Band Allison Lampert
June 7 (Reuters) – A senior airline industry official slammed British politicians on Tuesday for criticizing long airport lines and canceling flights as COVID-19 cases eased and in turn beset the Prime Minister’s own response Boris Johnson to the pandemic.
“You look at the UK, Boris Johnson, he highlights one of the reasons why he should continue to be Prime Minister as the way he has handled the pandemic. What a joke. They should have done a lot better” , said Willie Walsh, director general of the International Air Transport Association (IATA), at the Paris Air Forum.

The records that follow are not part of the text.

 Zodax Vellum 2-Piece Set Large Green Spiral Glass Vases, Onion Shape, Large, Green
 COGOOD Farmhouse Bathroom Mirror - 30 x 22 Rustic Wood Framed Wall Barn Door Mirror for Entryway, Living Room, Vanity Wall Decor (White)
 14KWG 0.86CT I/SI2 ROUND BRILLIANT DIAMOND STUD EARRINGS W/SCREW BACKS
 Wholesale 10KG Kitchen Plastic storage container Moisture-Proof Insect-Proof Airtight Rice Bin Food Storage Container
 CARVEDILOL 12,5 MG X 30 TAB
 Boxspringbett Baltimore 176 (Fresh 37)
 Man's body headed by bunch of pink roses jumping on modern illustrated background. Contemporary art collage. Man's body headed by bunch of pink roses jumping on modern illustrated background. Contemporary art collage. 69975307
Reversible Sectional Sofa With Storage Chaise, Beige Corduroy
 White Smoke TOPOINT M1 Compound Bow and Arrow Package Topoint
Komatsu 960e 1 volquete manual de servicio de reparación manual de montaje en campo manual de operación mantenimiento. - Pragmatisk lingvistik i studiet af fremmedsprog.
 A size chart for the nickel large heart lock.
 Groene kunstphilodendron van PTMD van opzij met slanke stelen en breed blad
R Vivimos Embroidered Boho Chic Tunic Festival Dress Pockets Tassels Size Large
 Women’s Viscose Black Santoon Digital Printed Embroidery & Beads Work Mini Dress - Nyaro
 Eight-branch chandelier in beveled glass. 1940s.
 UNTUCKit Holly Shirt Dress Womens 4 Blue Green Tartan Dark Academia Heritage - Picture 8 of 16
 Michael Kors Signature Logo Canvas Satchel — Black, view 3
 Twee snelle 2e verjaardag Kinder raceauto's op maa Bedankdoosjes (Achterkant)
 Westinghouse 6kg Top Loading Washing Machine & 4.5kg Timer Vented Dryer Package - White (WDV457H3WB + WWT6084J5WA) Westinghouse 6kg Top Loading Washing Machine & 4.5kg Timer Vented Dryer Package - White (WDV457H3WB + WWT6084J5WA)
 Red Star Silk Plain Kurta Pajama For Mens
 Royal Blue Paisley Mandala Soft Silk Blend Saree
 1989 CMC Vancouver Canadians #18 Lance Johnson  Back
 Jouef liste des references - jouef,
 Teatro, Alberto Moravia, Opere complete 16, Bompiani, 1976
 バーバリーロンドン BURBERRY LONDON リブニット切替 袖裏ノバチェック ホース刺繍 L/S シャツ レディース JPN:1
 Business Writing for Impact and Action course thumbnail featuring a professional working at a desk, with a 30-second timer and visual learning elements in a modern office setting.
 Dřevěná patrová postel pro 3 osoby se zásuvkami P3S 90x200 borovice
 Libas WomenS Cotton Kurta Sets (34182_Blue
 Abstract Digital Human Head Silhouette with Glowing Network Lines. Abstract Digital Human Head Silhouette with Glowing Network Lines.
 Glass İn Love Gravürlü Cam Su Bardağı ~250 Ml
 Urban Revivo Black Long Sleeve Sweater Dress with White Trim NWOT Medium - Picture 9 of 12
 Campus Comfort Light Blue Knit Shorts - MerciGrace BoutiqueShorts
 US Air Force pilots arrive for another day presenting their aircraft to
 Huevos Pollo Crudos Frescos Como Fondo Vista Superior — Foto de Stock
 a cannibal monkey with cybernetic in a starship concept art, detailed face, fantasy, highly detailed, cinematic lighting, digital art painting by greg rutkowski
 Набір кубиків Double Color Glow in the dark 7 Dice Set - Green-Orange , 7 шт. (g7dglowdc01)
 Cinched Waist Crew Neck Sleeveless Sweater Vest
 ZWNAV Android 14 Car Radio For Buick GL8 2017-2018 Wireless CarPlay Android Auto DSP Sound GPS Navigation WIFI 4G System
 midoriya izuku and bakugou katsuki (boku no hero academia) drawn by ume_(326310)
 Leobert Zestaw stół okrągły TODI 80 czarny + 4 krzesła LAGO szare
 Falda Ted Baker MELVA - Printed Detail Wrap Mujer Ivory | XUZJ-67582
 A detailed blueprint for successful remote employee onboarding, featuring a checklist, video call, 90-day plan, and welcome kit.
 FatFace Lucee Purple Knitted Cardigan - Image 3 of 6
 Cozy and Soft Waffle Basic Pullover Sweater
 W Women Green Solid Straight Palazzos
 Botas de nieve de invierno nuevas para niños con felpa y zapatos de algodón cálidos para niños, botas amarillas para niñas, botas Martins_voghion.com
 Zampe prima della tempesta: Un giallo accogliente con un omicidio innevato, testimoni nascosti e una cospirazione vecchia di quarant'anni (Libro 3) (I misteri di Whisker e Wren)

Downing Street did not immediately respond to a request for comment.
Under Johnson, Britain had one of the best vaccination rates among G7 countries and invested billions in a jobs support scheme. However, it also suffered one of the worst death rates and economic impacts.
Johnson survived a confidence vote on Monday.
Earlier this month, UK Transport Secretary Grant Shapps told airlines to stop selling tickets for flights they cannot operate, while Deputy Prime Minister Dominic Raab recently said to Sky News that carriers should have recruited more. Both men serve in Johnson’s cabinet.
Walsh said airlines could not have recruited staff earlier this year when UK traffic was down and the industry feared potential new measures against COVID-19.
“You have the politicians saying airlines should have gone up sooner. No, they shouldn’t,” Walsh said Tuesday. “The airlines would have gone bankrupt if they had done what those stupid politicians say they should have done.”
A resurgence in air travel led to long queues at some UK airports, as well as Amsterdam, Dublin and Toronto, as airport managers struggled to fill jobs.
Walsh, former British Airways and IAG ICAG.L boss, attributed the congestion to delays in obtaining clearances for airport staff, but said the situation was manageable and limited to certain airports and airlines.
Walsh argued that the aviation should have been more forceful in challenging government-mandated COVID-19 border closures, which he said did little to curb the virus.